SUPPLIED RECORDS:
**********

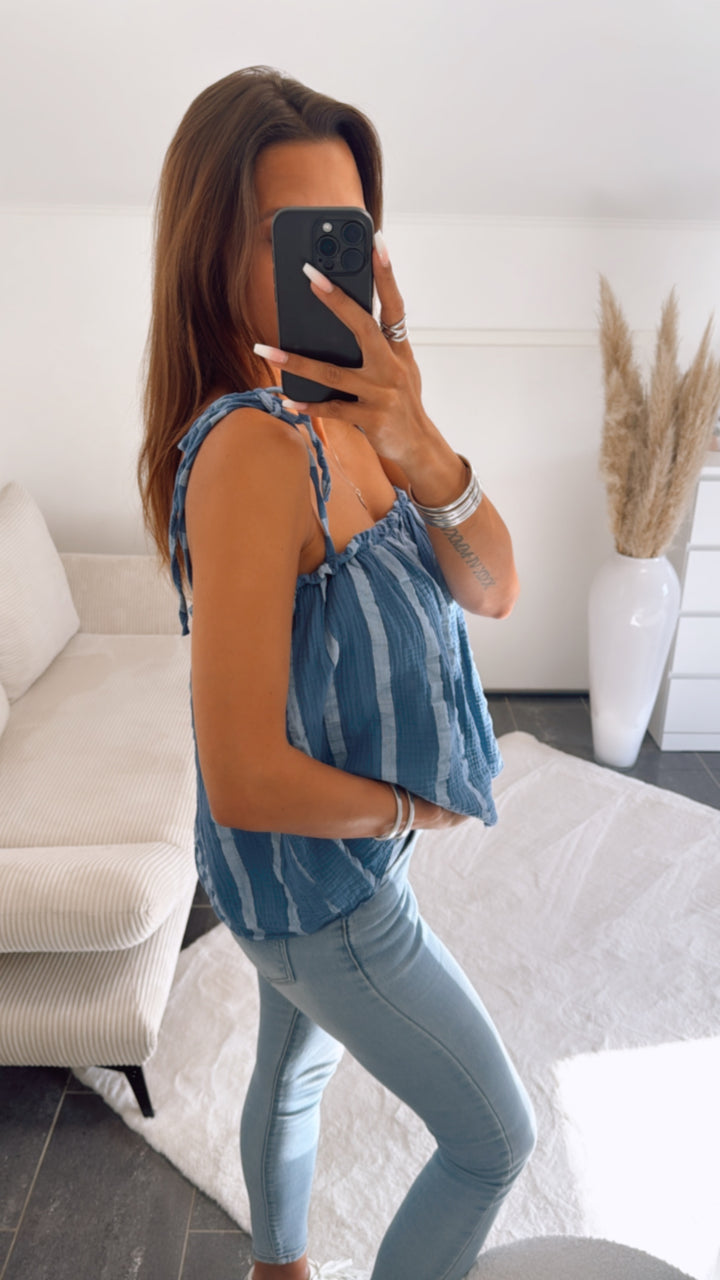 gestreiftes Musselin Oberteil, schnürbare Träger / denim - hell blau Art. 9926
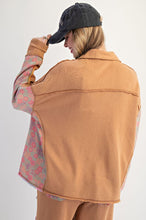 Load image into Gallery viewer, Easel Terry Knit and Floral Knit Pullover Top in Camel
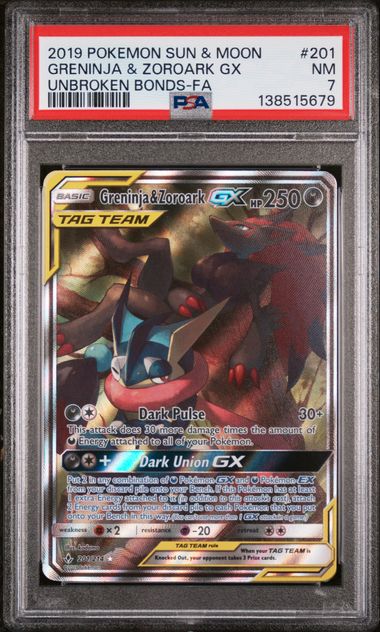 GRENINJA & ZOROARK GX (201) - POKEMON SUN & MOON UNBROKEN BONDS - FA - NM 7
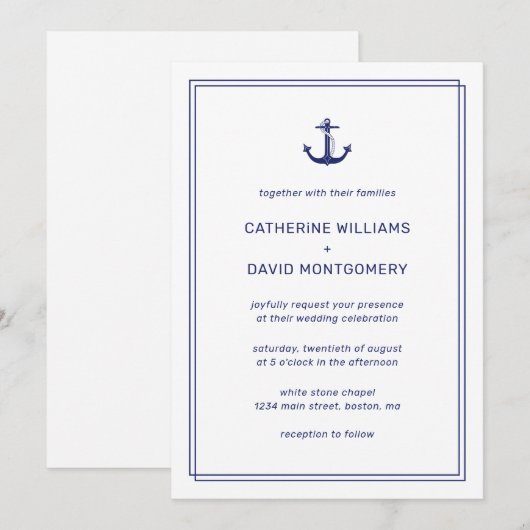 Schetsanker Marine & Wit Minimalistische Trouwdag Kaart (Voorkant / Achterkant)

**********

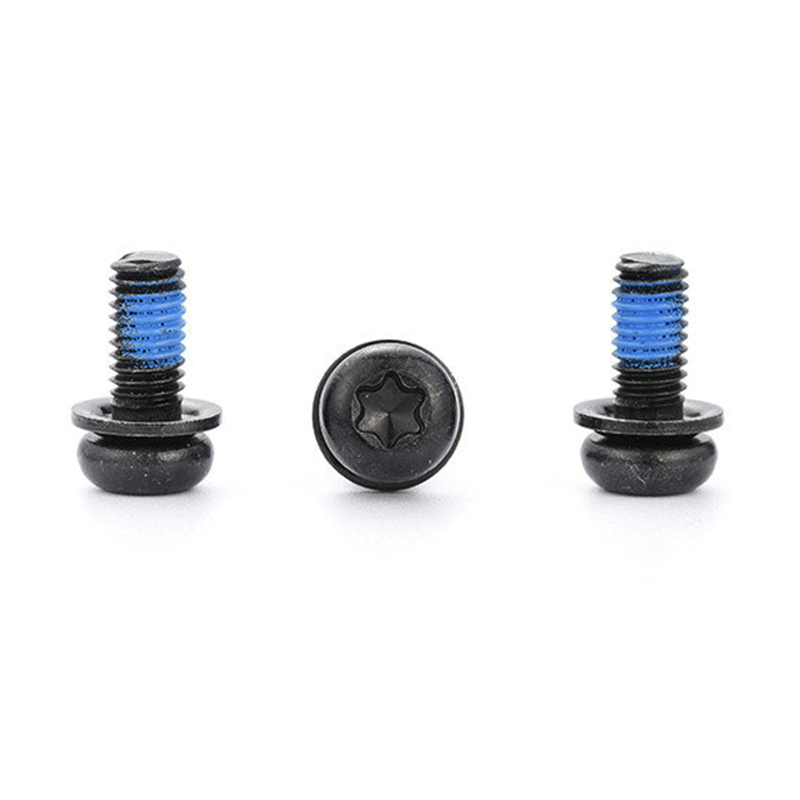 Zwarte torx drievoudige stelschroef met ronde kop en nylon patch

**********

TASK OBJECTIVE:
In the listing above, find the line with "GRENINJA & ZOROARK" and the line with "Schetsanker Marine &". Output both, plus every line between them, and no pictures.

ANSWER TO THE PROBLEM:
 GRENINJA & ZOROARK GX (201) - POKEMON SUN & MOON UNBROKEN BONDS - FA - NM 7
 Schetsanker Marine & Wit Minimalistische Trouwdag Kaart (Voorkant / Achterkant)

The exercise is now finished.